Des sujets aussi variés que le contrôle de l’immigration, le respect de la laïcité, la politique agricole commune, le chômage, la démographie, l’endettement de l’État ou le manque de mé­decins ont été abordés. Finale­ment, sur chaque sujet, on est resté sur sa faim.

Il se dégage de cette longue, mais trop courte, interview une position précise du Président : seule une nouvelle intervention de l’État peut apporter une solution à un problème. Et il est évident que le responsable politique d’un pays doit avoir une telle pensée.

Mais la France est un pays où l’État intervient déjà beaucoup. En matière économique, tout particulièrement.
Nos gouvernements ont par ex­emple décidé que la retraite soit à 60 ans, que le SMIC horaire brut soit à 9 euros, que la durée de travail hebdomadaire soit à 35 heures ou que les droits de douane soient supprimés entre la France et l’Allemagne. Des milliers de pages du Journal officiel, difficiles à lire et souvent en contradiction les unes avec les autres, précisent dans le détail toutes ces interventions. Chaque président de la République, chaque ministre a rajouté sa propre couche.

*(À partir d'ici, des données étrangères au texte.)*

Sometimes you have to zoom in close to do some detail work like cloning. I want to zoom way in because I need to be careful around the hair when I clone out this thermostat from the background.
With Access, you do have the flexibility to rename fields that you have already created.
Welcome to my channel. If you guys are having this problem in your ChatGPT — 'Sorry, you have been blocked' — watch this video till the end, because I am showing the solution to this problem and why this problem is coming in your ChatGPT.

Par ailleurs, la médecine doit être « gratuite » pour tous. Une retraite minimum doit être payée à tous, même à ceux qui n’ont pas travaillé. Le chômeur doit percevoir tous les mois une allocation et les enfants ont aussi droit à leurs propres allocations (allocations familiales ou école « gratuite »). Enfin, comme seulement 20 % des Français sont capables de payer les frais qui permettent à une personne dépendante de vivre le moins mal possible, Nicolas Sarkozy a décidé de créer une « allocation dépendance »

Or, tous ces services « gratuits », ou toutes ces allocations, ont un coût. Et nous sommes en démocratie.
Le parti qui propose la retraite à 60 ans a plus d’électeurs que celui qui la propose à 65 ans. Le parti qui propose d’augmenter les impôts a moins d’électeurs que celui qui propose de les diminuer. Le parti qui impose les entreprises perd moins d’électeurs que celui qui impose les consommateurs. Etc.

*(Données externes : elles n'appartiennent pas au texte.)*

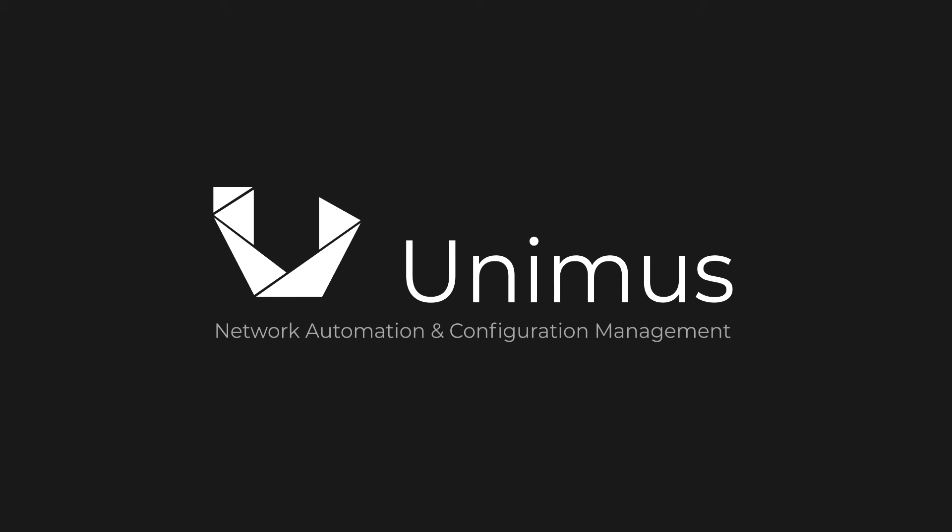Unimus is a network automation and configuration management solution designed for fast network-wide deployment and ease of use. This video is an overview of the major features available in Unimus.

Par ailleurs, la monnaie unique a supprimé les droits de douane entre la France et l’Allemagne ou la Pologne. Or, les entreprises allemandes sont bien moins im­posées que les entreprises françaises. Et les salariés polonais ont un salaire cinq fois plus faible que les salariés français.
Nos entreprises ne sont plus compétitives. Elles fuient la France : elles délocalisent.

Et les gouvernements français continuent à vivre au-dessus de leurs moyens. Ils n’ont même plus le droit de « faire marcher la planche à billets ». Mais ils continuent à distribuer plus d’argent qu’ils n’en gagnent, pour avoir plus d’électeurs. Ils sont obligés d’emprunter pour boucler leur budget.
Toutes ces réalités ont été ef­fleurées au cours de l’entretien.

Nicolas Sarkozy a dit qu’il ne voulait pas augmenter les im­pôts de nos entreprises pour les rendre compétitives. Il a même semblé favorable à la suppression des charges sociales pa­yées par les entreprises et leur remplacement par un impôt pa­yé par les consommateurs.
Il a confirmé qu’il allait continuer à diminuer le nombre des fonctionnaires, dans l’Éducation nationale en particulier. Ce qui provoque des grèves.

Mais il a annoncé de très nombreuses dépenses nouvelles : pour attirer des médecins dans les campagnes françaises, pour financer l’enseignement des ap­prentis, pour aider les étudiants ou les agriculteurs.

Après cette interview, il semble globalement que nous n’allons pas vers moins d’intervention de l’État, mais au contraire vers plus d’intervention.
Avec la monnaie unique, nous risquons donc d’avoir une très faible progression de notre PIB, de nos revenus. Donc de sortir très difficilement du chômage. Alors que l’Allemagne manque de main-d’œuvre.
Pourquoi ne pas supprimer des milliers de pages inutiles du Journal officiel et copier ce qui se fait en Allemagne ?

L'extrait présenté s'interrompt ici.